There was a two-week flying and training deployment designed to increase interoperability with the U.S. Air Force and the Hellenic air force Feb. 2 to 14. The mission provided the U.S. and Hellenic air forces a unique opportunity to learn how each service performs airlift operations, improving the joint capabilities of both nations.

Germany

More than 120 military members from nine nations took part in the Kaiserslautern Military Community First Sergeant Council’s Annual First Sergeant Symposium Feb. 18 through 21 at Ramstein Air Base. The symposium featured 10 international attendees, including representatives from Belgium, Estonia, France and three from Germany.

Afghanistan

Six Airmen forward-deployed from Kandahar Airfield to complete a four-day mission designed to enhance the 62nd Expeditionary Reconnaissance Squadron’s Detachment 1 combat capabilities in Jalalabad.

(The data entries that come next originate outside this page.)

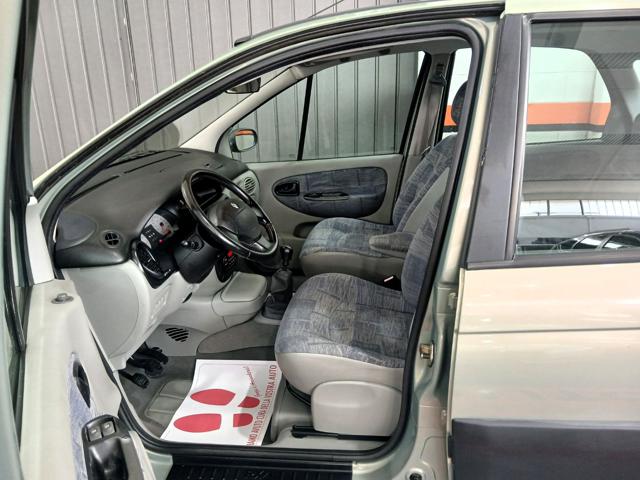RENAULT MEGANE SCÉNIC 4X4 2.0 16V RX4 PRIVILÈGE - foto 8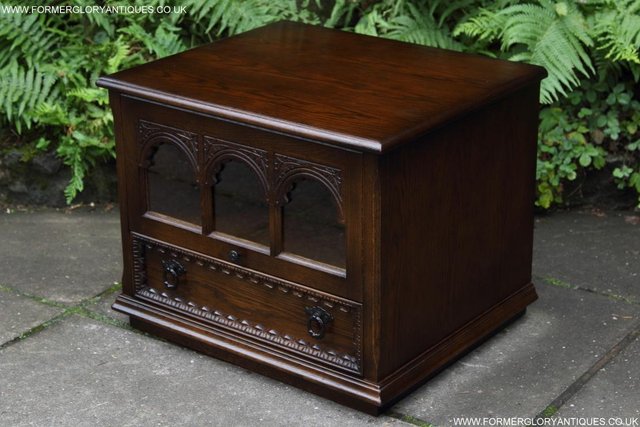 Image 47 of AN OLDE COURT CHARM OAK TV HI FI DVD CD STAND CABINET TABLE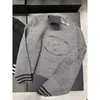 女性セーター秋の冬の長袖セータートップルツーリーブランドのプルオーバースウェットシャツとカフのステッチ豪華な服の原因服ブラックホワイトピンクサイズs-l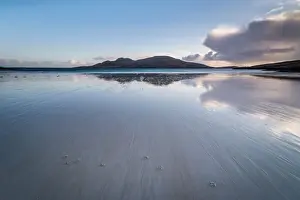 Bagh a Deas (South Beach), with the uninhabited island of Sandray in the distance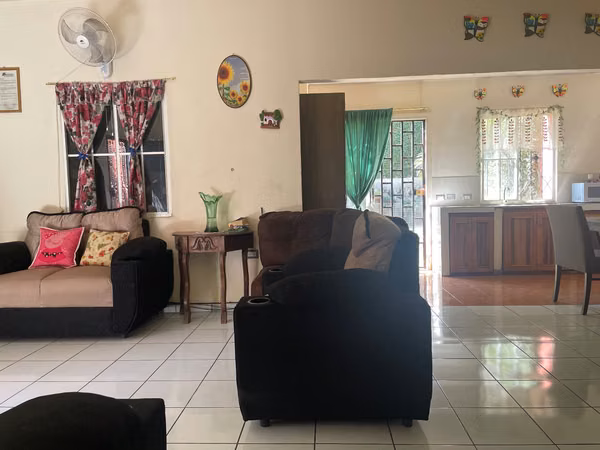 HOUSE WITH LAND FOR FUTURE CONSTRUCTIONS IN QUEZALTEPEQUE, FREEDOM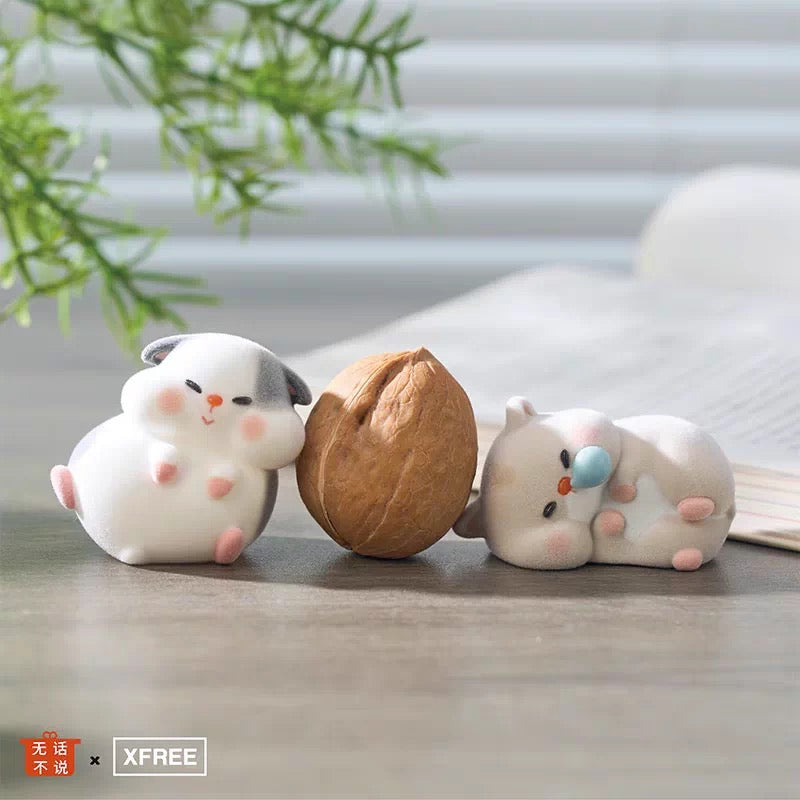 Hamster Miken Family Figure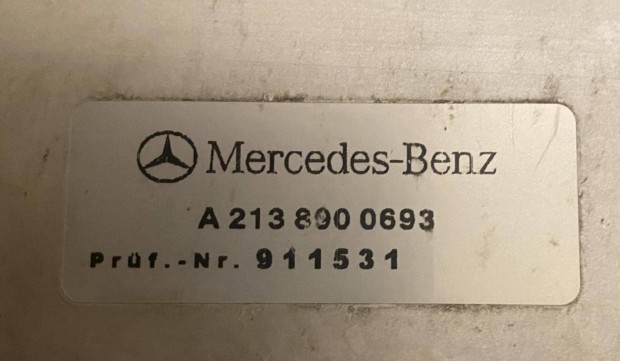 Mercedes gyri tetcsomagtart tetsn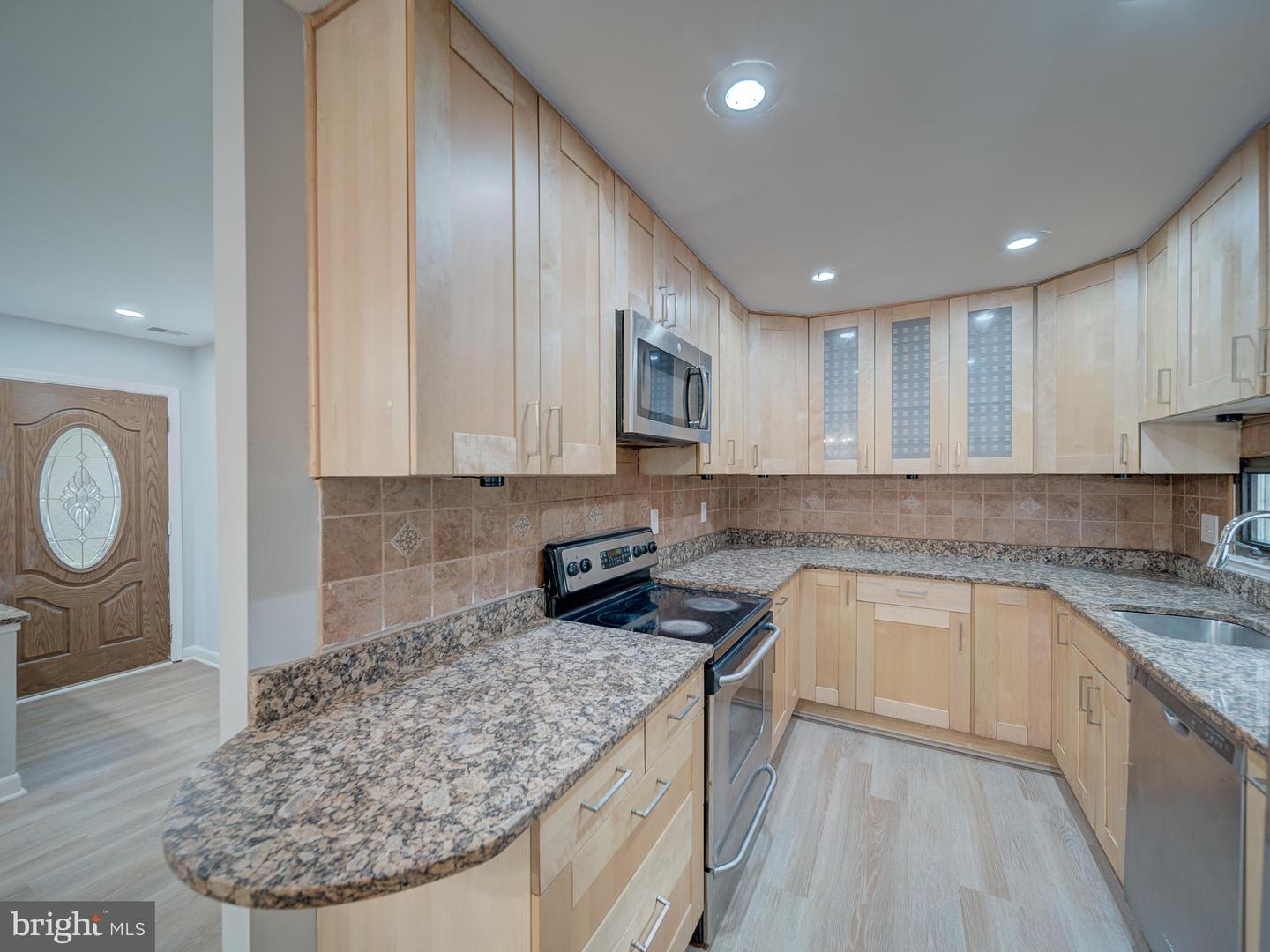 11301 GATESBOROUGH LN, RESTON, Virginia 20191, 4 Bedrooms Bedrooms, ,2 BathroomsBathrooms,Residential,For sale,11301 GATESBOROUGH LN,VAFX2263034 MLS # VAFX2263034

SecAF priorities based on dwindling budgets, resources, people

After her second month in office, Secretary of the Air Force Deborah Lee James laid out her top three priorities as part of a “state of the Air Force” address Feb. 21 during the final day of the 30th annual Air Force Association Warfare Symposium and Technology Exposition.

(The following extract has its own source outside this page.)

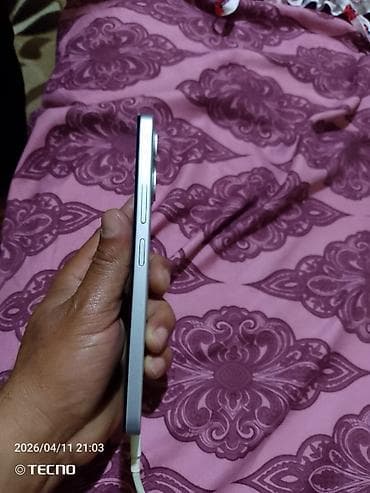 mobil telfonlar: Smartfon - Ekran: Tam ekran, ön kameraya görə damcı formalı çıxıntı — 3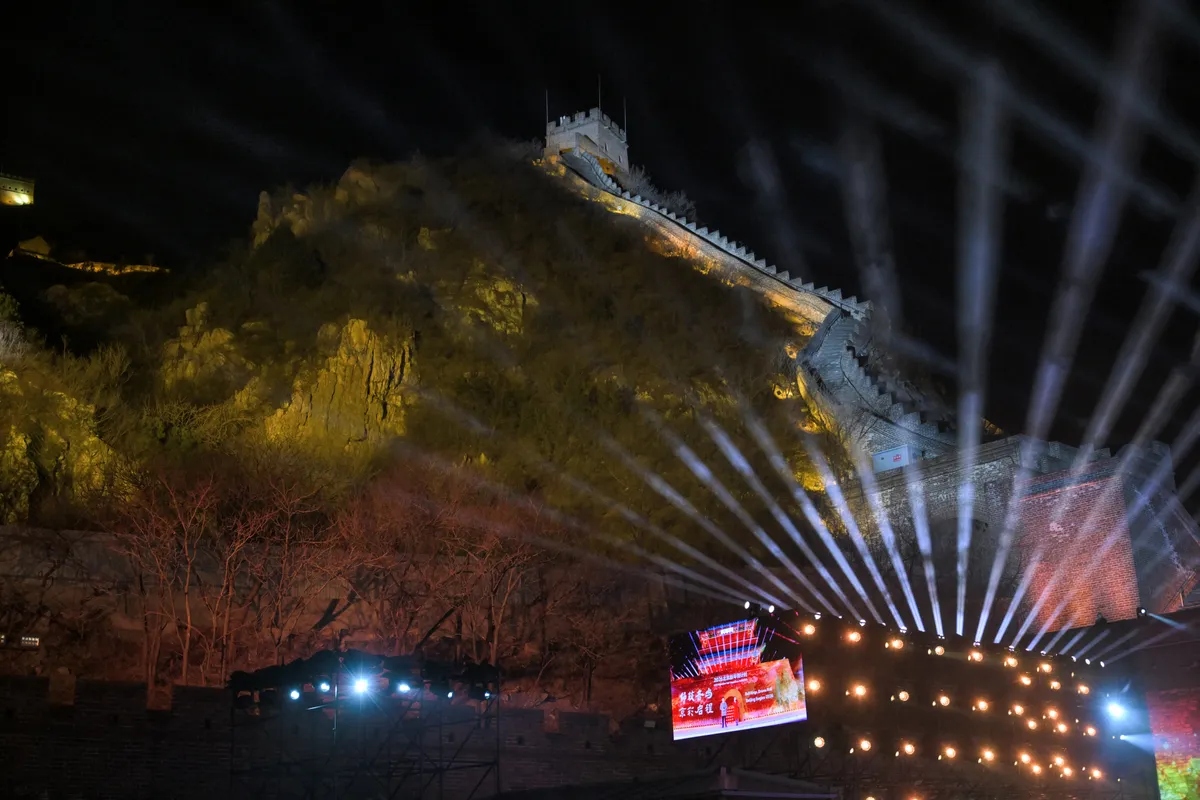 Tr&igrave;nh diễn &aacute;nh s&aacute;ng v&agrave; đếm ngược ấn tượng đ&oacute;n năm mới tại Vạn L&yacute; Trường Th&agrave;nh - Ảnh 3.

James laid out the path she and other senior leaders feel the Air Force needs to pursue, both in the short term, as well as the years ahead, basing her priorities upon an Air Force that faces dwindling budgets, resources and people.

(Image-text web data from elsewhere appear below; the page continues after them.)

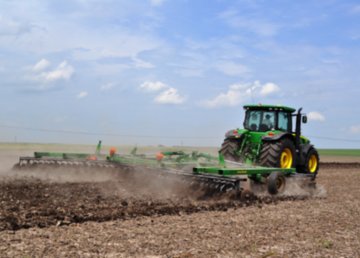 На Харьковщине начали сеять озимые зерновые культуры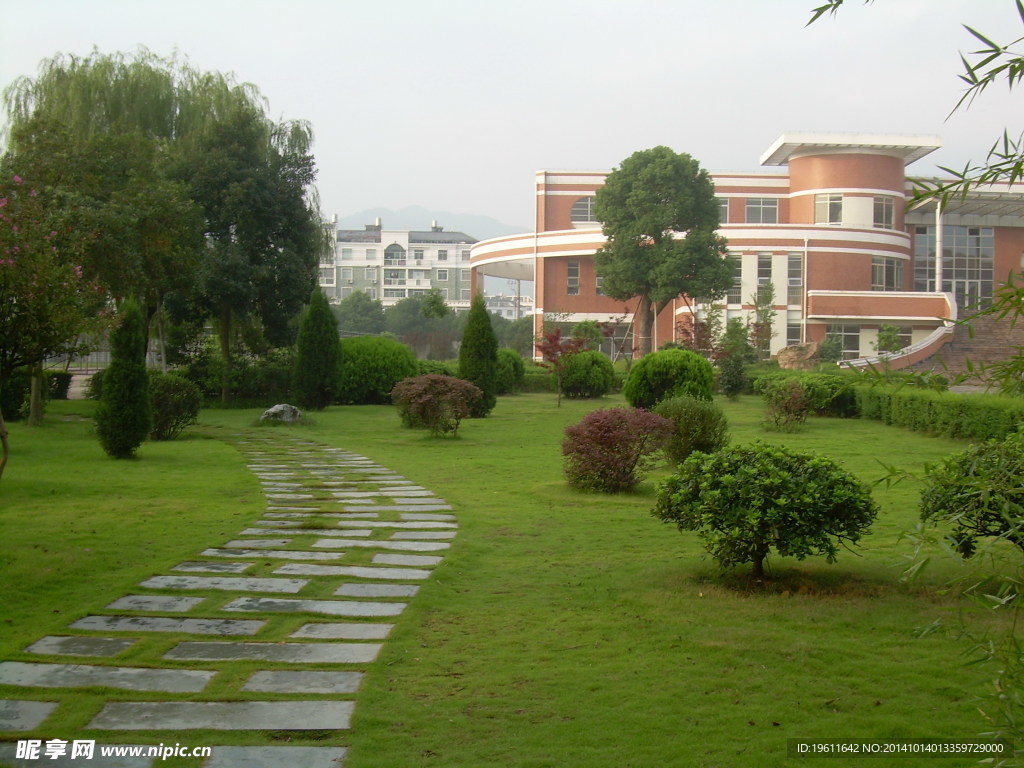 路桥中学体育馆远景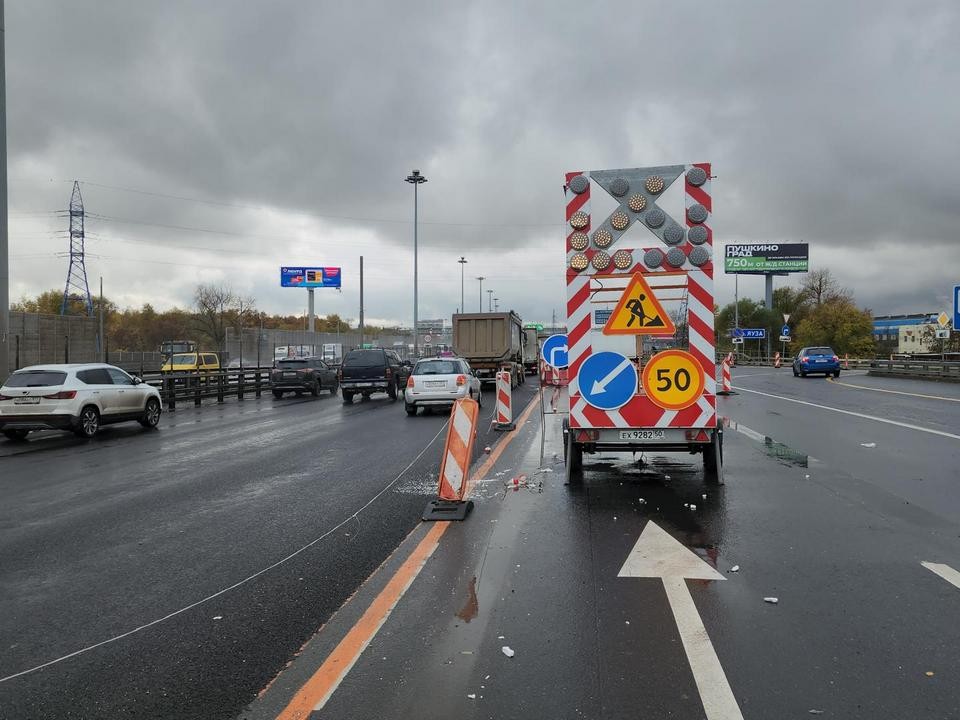 Ярославское шоссе в районе Мытищ по-прежнему перекрыто, рабочие ждут высыхания герметика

She feels the Air Force’s No. 1 priority, above aircraft, weapons or equipment, is its people. “Having the right people in the right job at the right time, who are trained and developed, should be our number one priority.”

The Secretary added that, “taking care of people means to me recruiting, retaining and reshaping our force, so that we have the right people in the right jobs for the immediate future, as well as thinking ahead to the longer term. We are going to be smaller. We will be going through a force-shaping set of procedures, which will include mostly voluntary measures. We may do some involuntary as well, but this will be a big deal over the next year or two.”

James said the other part of taking care of people is compensating people fairly. She believes compensation has escalated over the last dozen years or so, but she expects to see a leveling off in the years ahead. She also believes that to grow Airmen, the Air Force needs to be more diverse.

“Taking care of people also means growing our leadership, developing our people, and getting more diversity of thought at the table. That includes people who come from diverse backgrounds. People with diverse backgrounds have different approaches to problems, and I’m convinced we will get better solutions if we have that diversity of thought.”

James also stressed that family programs, along with a good balance of work and family time are key to growing better and more productive Airmen.

“It means protecting family programs, achieving a work-life balance, which is hard for a lot of people in the Air Force, because there is a lot of work and it’s hard to get that work-life balance in there. It means leveraging the best talents of our active, Guard, Reserve and civilian teams. We also need to ensure a climate of dignity and respect for all, all of the time, period, whether you are on duty or off duty.”

While most of what she sees in the Air Force is extremely positive, James said there are important Airman issues that need to be improved. In the past two months, she has traveled to eight states, as well as the District of Columbia, and has put time and effort into addressing some of those issues

“One of the things I’m tracking on is sexual assault and sexual harassment. I’m listening and watching to see what changes have been made over the last year or two, and I’m impressed with what I’ve seen. I get that our top leaders, without question, get the importance of it; they’re on it, we’re working it and that’s the way it needs to remain – persistent focus will create an atmosphere throughout the Air Force that that behavior won’t exist.”

The second Airman issue involved 92 missile crewmembers at Malmstrom Air Force Base, Mont., who had some level of involvement in the cheating incident involving a monthly proficiency test on nuclear weapons.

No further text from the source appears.